Return the data below exactly, minus the pictures.

### Supplied material
╭──

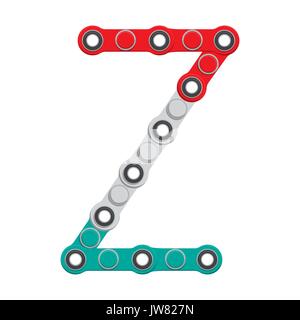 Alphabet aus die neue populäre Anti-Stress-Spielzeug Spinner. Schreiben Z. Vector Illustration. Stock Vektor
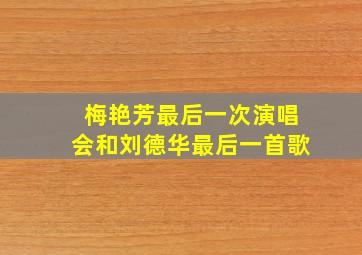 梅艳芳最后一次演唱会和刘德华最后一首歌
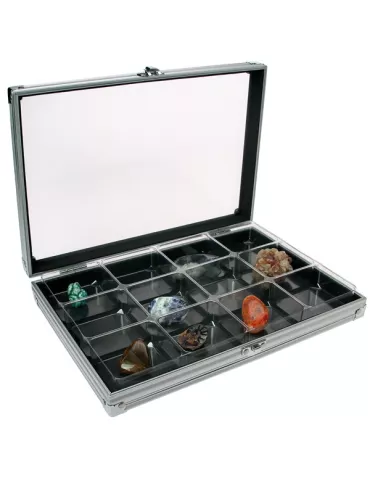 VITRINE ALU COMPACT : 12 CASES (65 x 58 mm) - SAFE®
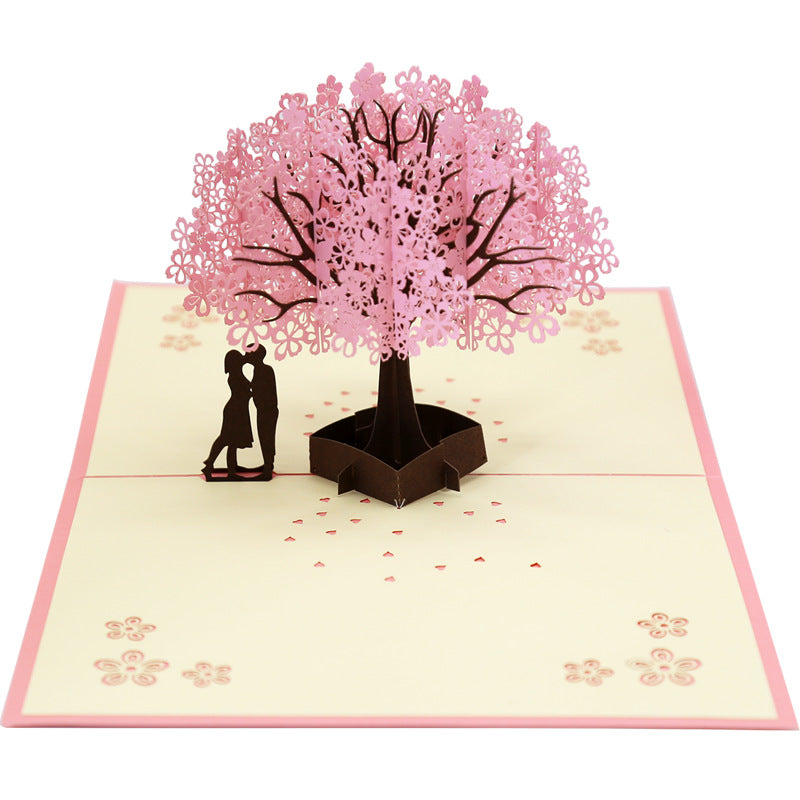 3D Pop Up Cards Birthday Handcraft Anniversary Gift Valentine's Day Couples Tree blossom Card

╰──

### Problem solution
 Alphabet aus die neue populäre Anti-Stress-Spielzeug Spinner. Schreiben Z. Vector Illustration. Stock Vektor
 梅艳芳最后一次演唱会和刘德华最后一首歌
 VITRINE ALU COMPACT : 12 CASES (65 x 58 mm) - SAFE®
 3D Pop Up Cards Birthday Handcraft Anniversary Gift Valentine's Day Couples Tree blossom Card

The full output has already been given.